The Last Royal Pyramid in Egypt

The Last Royal Pyramid in Egypt An Update on the Pyramid of Ahmose

by Jimmy Dunn

The rubble of Egypt's Last Royal Pyramid belonging to Ahmose

Abydos, for some years, was a rather difficult place to visit in Egypt, requiring special permission for tourists. Today the site is more open, and though one cannot say that it holds great sightseeing treasures like the Great Pyramids of Giza or the Temples of Luxor, its significance in Egyptian history cannot be questioned, and many mysteries surround this archaeological site. It was a holy site to the Egyptians, where some of the earliest rulers were probably buried, but it remained a focus of religious activity for thousands of years.

One such mystery surrounds the rubble core and casing stone that marks the remains of the last known royal pyramid built in Egypt by the founder of the New Kingdom, Ahmose. A textual reference records a Pyramid built by Tuthmosis I at Abydos, but nothing of it has ever been discovered.

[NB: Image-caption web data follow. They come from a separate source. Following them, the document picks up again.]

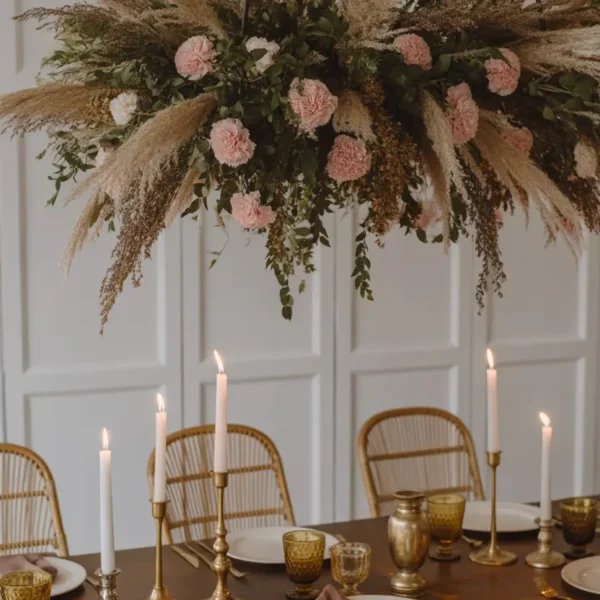 large hanging dried pampas grass installation wedding decoration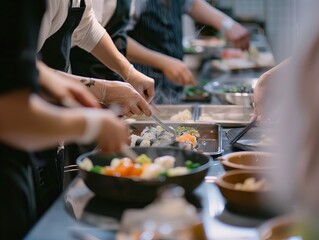 Naklejka premium Making sushi together! Master class on making sushi from a Japanese chef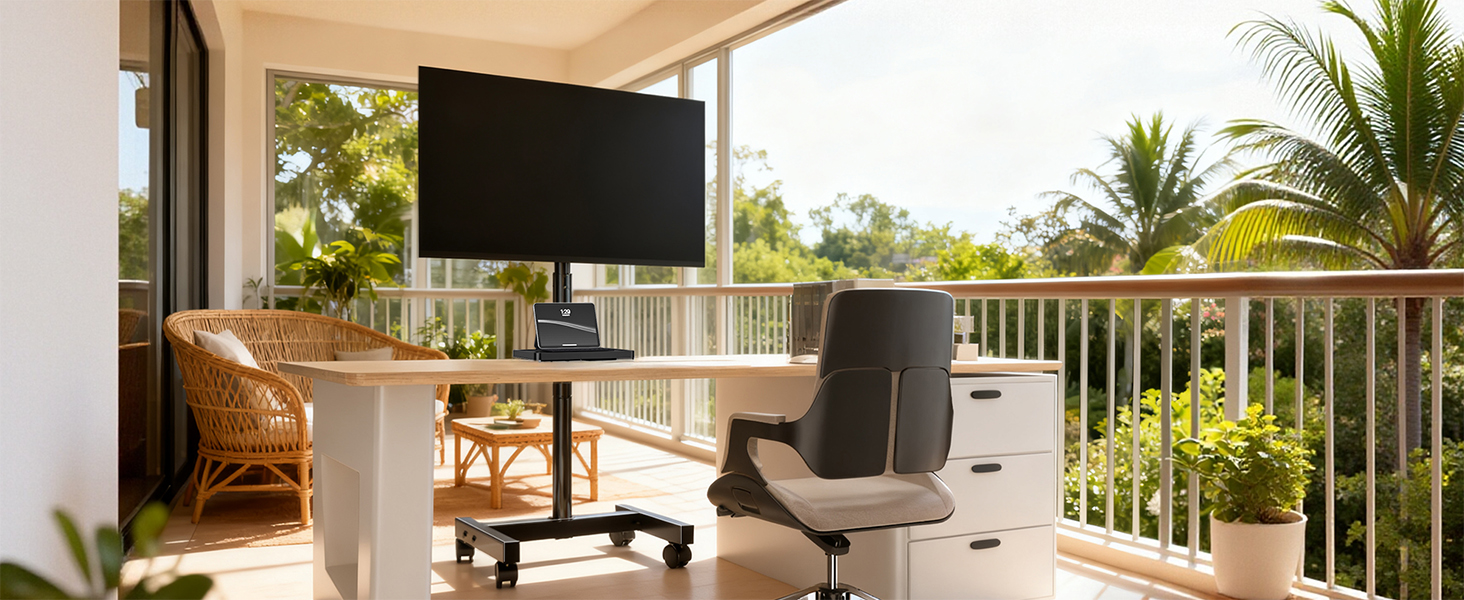 Підставка для телевізора Hemudu з колесами 23-60 дюймів, VESA 400x400 мм, до 35 кг, регульована висота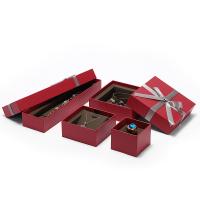 Jewelry Gift Box Leatherette Paper red Sold By PC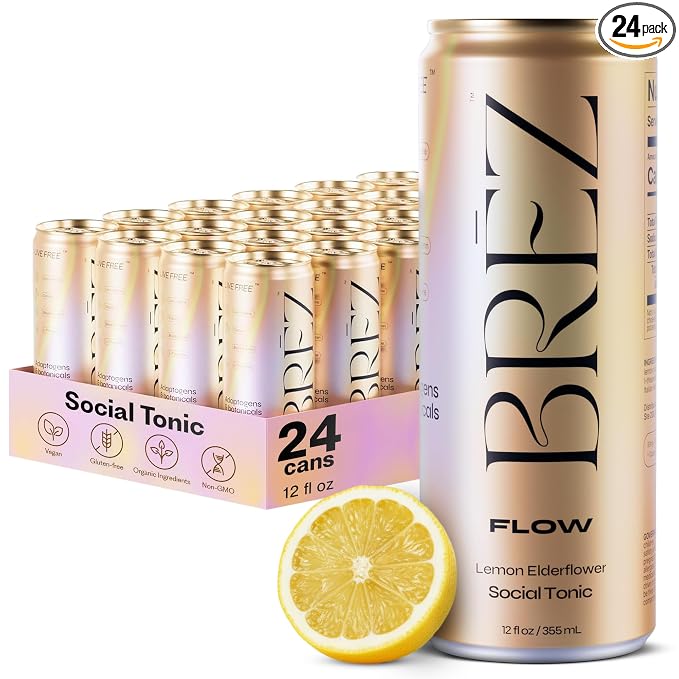 BRĒZ FLOW Alcohol Alternative Drink – Non Alcoholic Sparkling Drink with Lion’s Mane Mushroom, Lemon Elderflower, Adaptogen Beverage for Mood & Focus, Alcohol Alternatives with a Buzz, 24 Pk 12 Fl Oz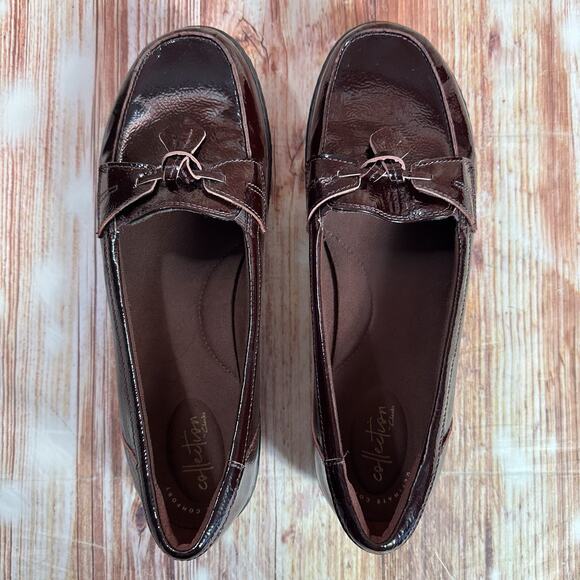 Clarks ASHLAND BUBBLE Sz 12 W Burgundy Maroon Patent Leather Shoes Flats Loafers - Picture 5 of 10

In 1993, the Pennsylvania-Yale Institute of Fine Arts Expedition led by Stephen Harvey began a new survey of this complex, initiating ongoing excavations at and around the pyramid. We visited Stephen during his stay at the Hotel Longchamps, a favorite Tour Egypt hotel on Zamalek in Cairo that has also become home for many Egyptologists on their way to their digs, in 2002. Stephen has since then moved on to the University of Chicago's Oriental Institute, but his excavations continue and a number of interesting finds have been made.

Earlier this year (2003), the team discovered three new buildings in Abydos. Among their findings were walls and related buildings near another pyramid, engraved bricks with the names of people responsible for the construction of the buildings, fragments of decorated limestone temple reliefs, parts of statues, and small inscribed stone slabs used as part of worship that are known as votive stelae.

Drawing of the proposed pyramid complex of Ahmose

The discoveries are part of a collection of documentation that pushes back the date of complex artistic representation of warfare in Egypt. The site has yielded the earliest known paintings of horses and chariots used in battle as well as the earliest known representation of a practice that later became common in battle documentation: paintings of collections of the severed hands of enemies.

But Abydos has other stories to tell, such as those suggesting some women held extraordinary levels of power within their communities. One of the buildings the team discovered earlier this year is a temple that likely was dedicated to Ahmose Nefertary, the wife and sister of the Pharaoh Ahmose, who ruled from about 1550 to 1525 B.C. and built Egypts last pyramid. The team also excavated at a pyramid dedicated to another important woman, Queen Tetisheri, grandmother of Ahmose and his wife.

Other areas around the pyramid have proved easier to deal with, however. In addition to the temple he believes was dedicated to Ahmose Nefertary, the team also found another temple, which will be the focus of more work in January. They also will excavate a large structure that measures 115 by 130 feet, and which may have been an administrative or production center for a cult that developed around Ahmose, who was considered a god.

Located near what is thought to have been a bakery, this administration building may provide clues that underscore one of the sites fundamental values: it contains structures that are part of a working community. Scholars will learn what role the temple played in the economy and social organization of the community.

Hence, the Pyramid complex of Ahmose at Abydos, located at the junction between the low desert and the floodplain, not only includes a temple, but also a large, unfinished rock cut tomb far out in the desert, and beyond that, at the foot of the cliffs, a stone and brick walled platform probably intended to support a building which appears never to have been constructed. About halfway between the pyramid and tomb is the brick shrine dedicated to Ahmose's grandmother, Tetisheri, where a stela which recorded Ahmose's decision to build a shrine for her was found.

Really, of all the pyramids built in Egypt, that of Ahmose at Abydos is one of the most intriguing. It signals the end of the Pyramid age and to some extent, a changing of the guards in funerary practices. The earliest pyramids were focused on the sun god, Re, but even prior to Ahmose, the mythology surrounding the funerary god, Osiris, was being incorporated into the substructures of the later pyramids. By building his complex at Abydos, Ahmose certainly intended to associate his mortuary cult more directly with Osiris. After Ahmose, the kings of Egypt would, for the most part, completely abandon the pyramid structure.

However, Ahmose's predecessors in the 17th Dynasty (Second Intermediate Period) were buried under similarly steeply angled, though much smaller pyramids. Dr. Harvey suggests that Ahmose's pyramid was intended to evoke a memory of the powerful national rulers of earlier periods, and hence reinforce his legitimacy as their heir. Given the substantial size of Ahmose's pyramid, this is an attractive suggestion. Clearly, during the future excavations by Harvey's team, the complex will offer up many interesting finds and advance our knowledge of the founding of Egypt's New Kingdom empire period.